[ABOUT THIS EXERCISE]
Please set down only the lines from the one containing "ACTION #513 1980-First" through the end of the entries below, exactly, minus any pictures.

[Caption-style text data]
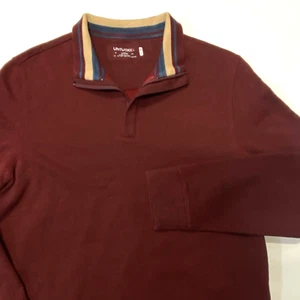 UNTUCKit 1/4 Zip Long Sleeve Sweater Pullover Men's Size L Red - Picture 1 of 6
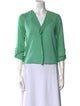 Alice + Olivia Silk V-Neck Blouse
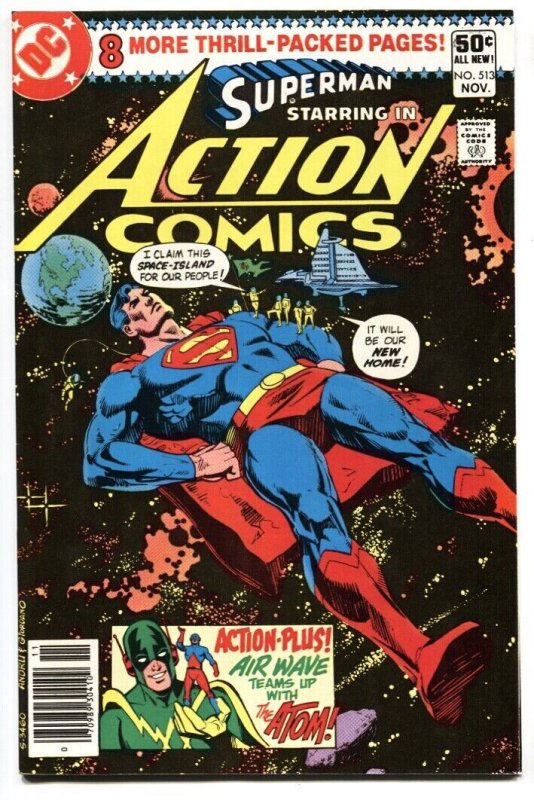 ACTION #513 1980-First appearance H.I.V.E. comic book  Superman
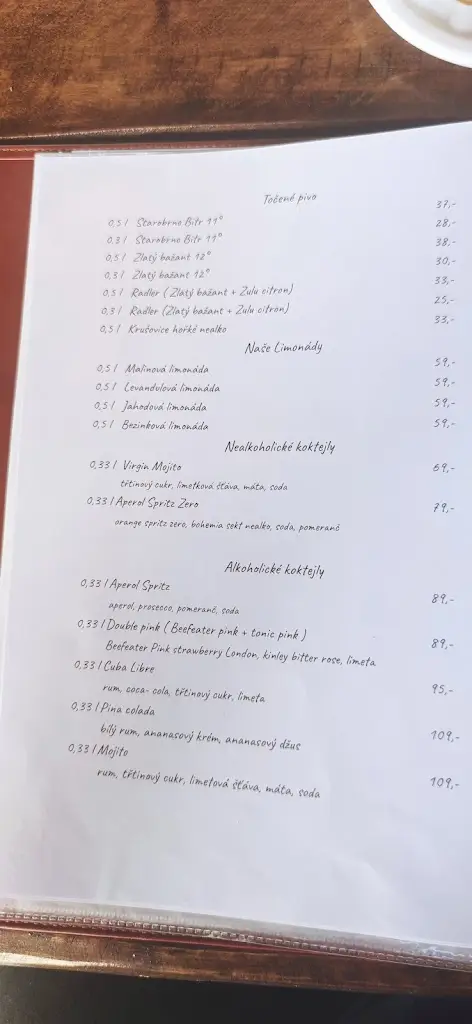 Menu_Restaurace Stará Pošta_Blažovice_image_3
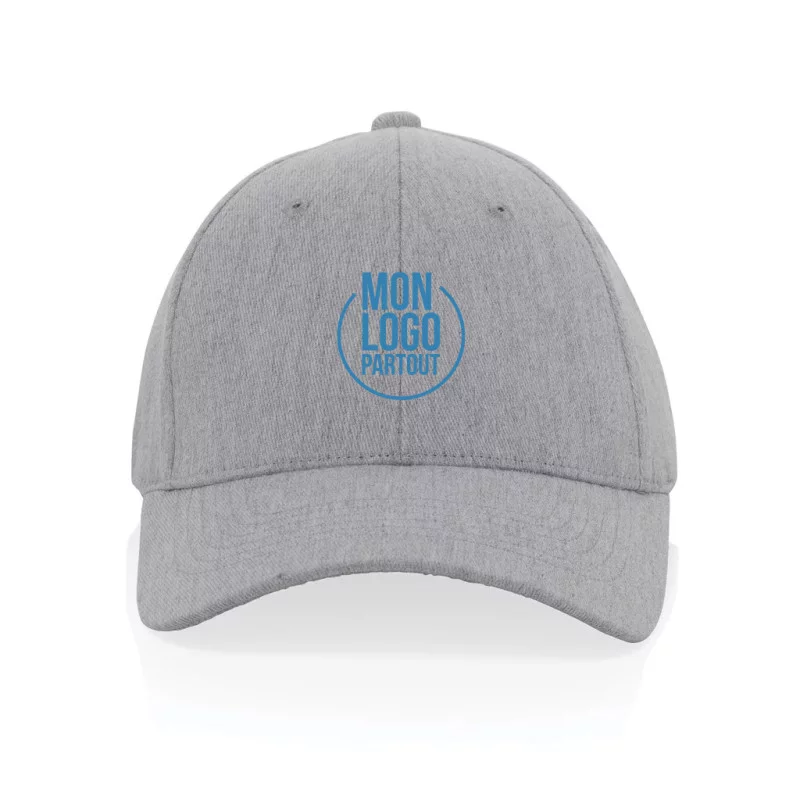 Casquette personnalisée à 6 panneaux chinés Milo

[EXERCISE SOLUTION]
 ACTION #513 1980-First appearance H.I.V.E. comic book  Superman
 Menu_Restaurace Stará Pošta_Blažovice_image_3
 Casquette personnalisée à 6 panneaux chinés Milo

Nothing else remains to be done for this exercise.